But the situation is even worse for Sauber, with the team in arrears over payments due to Nico Hulkenberg and a question mark over whether the team will even complete the year.
'It is very difficult at the moment,' said team owner Peter Sauber. 'Our resources are very limited and the situation is uncomfortable and embarrassing.
'In 20 years in Formula One, we have never not paid wages on time.
'It is affecting not only the development of the car, but also the suppliers. For the large part, we are being met with understanding, but it is very stressful for us and in many regards painful.'
Sauber's plight is serious. The man with racing in his blood has never had to lay off a member of staff – and doesn't want to start now.

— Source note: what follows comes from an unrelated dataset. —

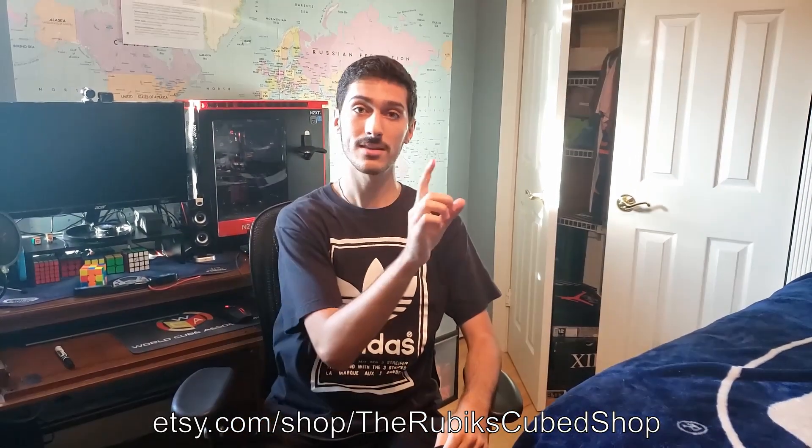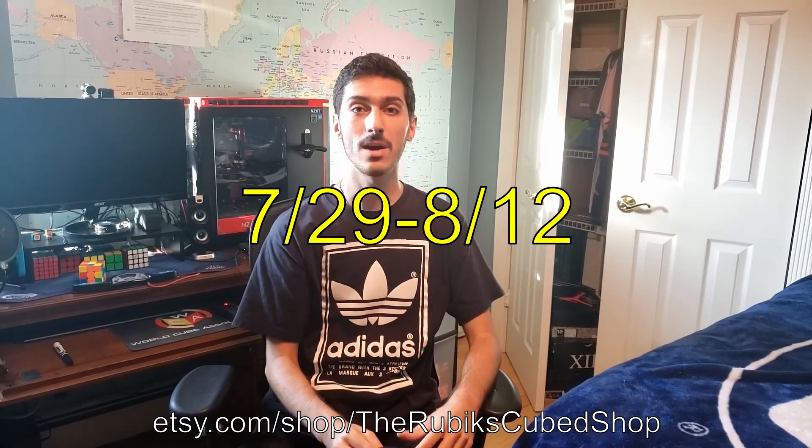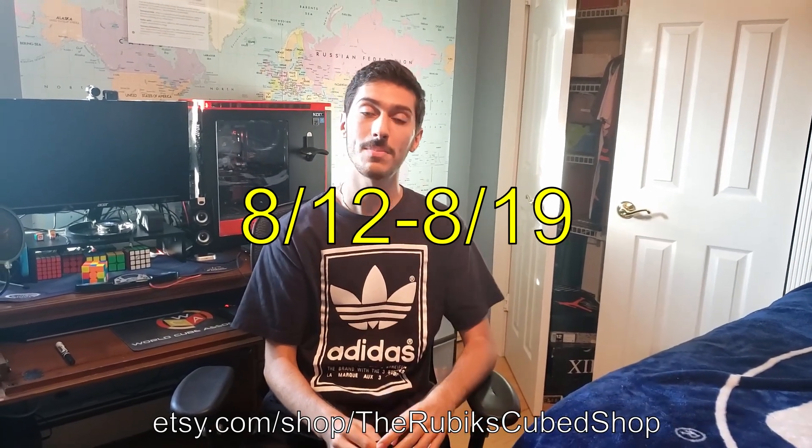The link is on screen right now. The orders will last for two weeks — these dates right here — and I'll be making them this week and shipping them out at the end of that week before I return to school. Thanks for watching.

Equally, they need either fresh investment or new sponsors – and quickly. Time is of the essence, and time is also running out. So much so, Sauber may not be able to run for the remainder of the season.
'In principle, no – but I feel safe,' he added. 'Currently we are working day to day. If there is no other way out, that is a possibility (to sell the team). But we are far from that. Closure is not an option.

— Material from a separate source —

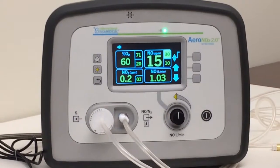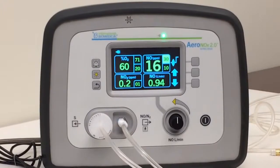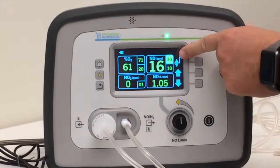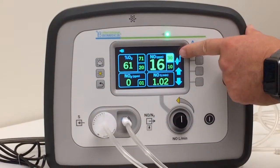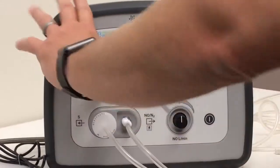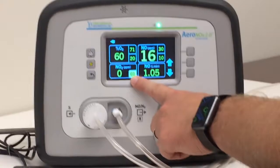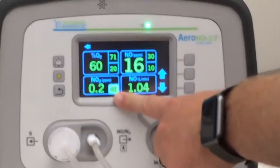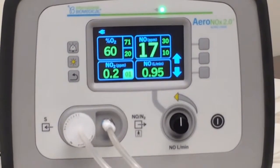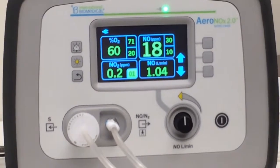Once you fall back within that range, it'll de-latch the alarm and it'll start the nitric again — but it does turn the nitric off; it doesn't let it spike much higher than the high limit alarm. For the NO2, the alarm you set is the high limit alarm, and if it gets one part per million above the high limit alarm, then it shuts the nitric off. Those are two important safety mechanisms to know when you're teaching the Aranox.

'The fire inside me is kindled by situations like this. There is nothing else to do than fight.'
Nothing is straight forward. F1 supremo Bernie Ecclestone has openly said 10 teams is his ideal for the grid – one fewer than present and the number we enjoyed before 2010.
And as discussed on the EDPF1 podcast this week, for every team struggling for cash there are plenty of others willing to take their place – even if they have no comprehension of the costs involved.
That's the mercenary nature of F1 – and given it didn't change for the new teams in 2010, there's little chance of it changing for anything or anyone else any time soon.